The 30's dump near the scout cabin that I dig for about an hour on Sunday mornings is few on bottles but just loaded with rusty metal of all sorts.  I have gotten some great glass items considering the age of the dump but the amount of rusted toys is what surprises me.  I've gotten a few marbles but keep hoping for the motherload considering all the toys.  Here's some of the vehicles that have come out so far.


----------



## cobaltbot (Sep 29, 2008)

This is the rust from last sunday including two of the cars, a rusted toy wagon, plus a national cap gun and another one.  I did get my first blown glass doll eye.  The small brown bottle was a Van Ness Dandruff Massage bottle that at one time had a freakish screw cap with rubber fingers on it to apply the liquid to your scalp!


----------



## towhead (Sep 29, 2008)

Wow!  Looking extremely healthy to me!! 

  I finally got out this weekend and the only thing I kept was a childs "dish set" knife with a child imprinted on the end of the knife-which I thought was kinda' neat. 

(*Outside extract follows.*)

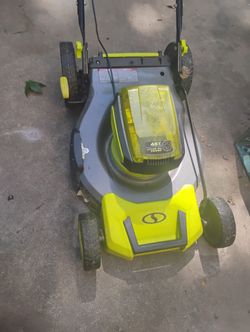 Sunjoe 48 Volt Mower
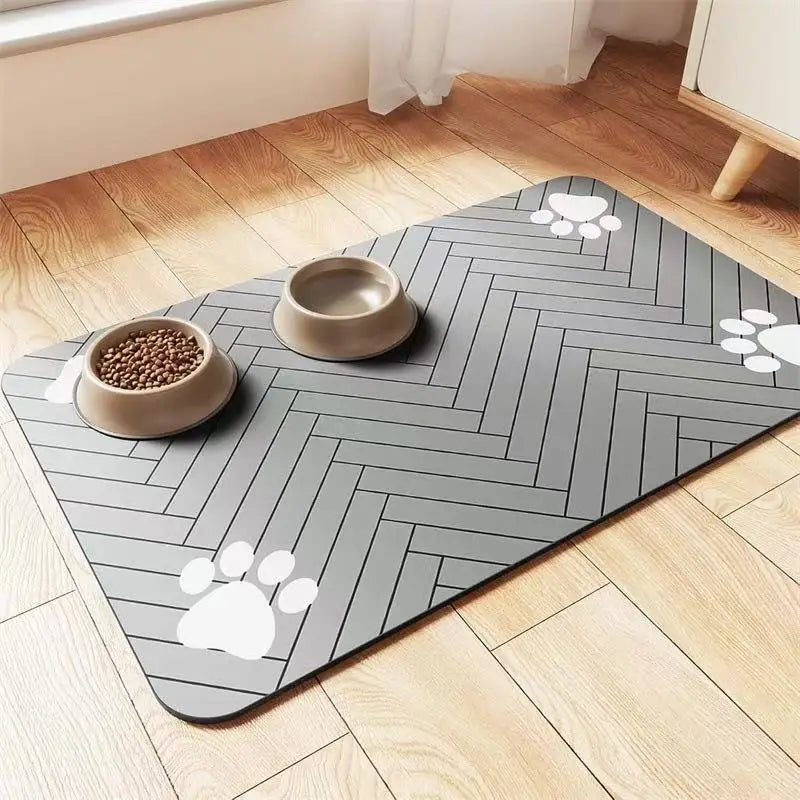 Feeding Mat-Absorbent Pet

 ....and.... found a broken hobbleskirt with the 1923 Christmas date ! []

 Keep Diggin!!


----------



## cobaltbot (Sep 29, 2008)

That's cool Julie, I love kid's stuff.......quess I never grew up!  Would love to dig some of the early plates and stuff they pull out of privies.


----------



## glass man (Sep 29, 2008)

Considering these toys were during the depression some kid or kids had some great toys! LOVE the yellow car!


----------



## capsoda (Sep 30, 2008)

Great finds. A good glass beading, paint and some new repop wheels and you would have some nice show offs there. If you ever decide to let any go I want first shot at that little A Model Roadster.


----------



## cobaltbot (Sep 30, 2008)

Thanks for the replies.  The tootsie toys apparently did well during the depression since they cost 10 cents compared to the more expensive toys. Found a great website for them:

http://www.tootsietoys.info/index.html


----------



## madman (Sep 30, 2008)

HEY STEVE THAT IS A GREAT WEBSITE MIKE


----------



## glass man (Oct 1, 2008)

YEAH MAN,THAT IS A COOL WEBSITE! I didn't even know tootsie was that old. THE one that is on the right with a car on top of it,that you have ,looks sorta like the overland bus.


----------



## capsoda (Oct 1, 2008)

Tootsie was still making toys for Cracker Jacks in the early 1970s. I remember when Cracker Jacks was a real treat and now it is just a poison killer of children. Seemes to me that there are a lot of chemically filled people out there who just like to stir poop. I likes Cracker Jacks.


----------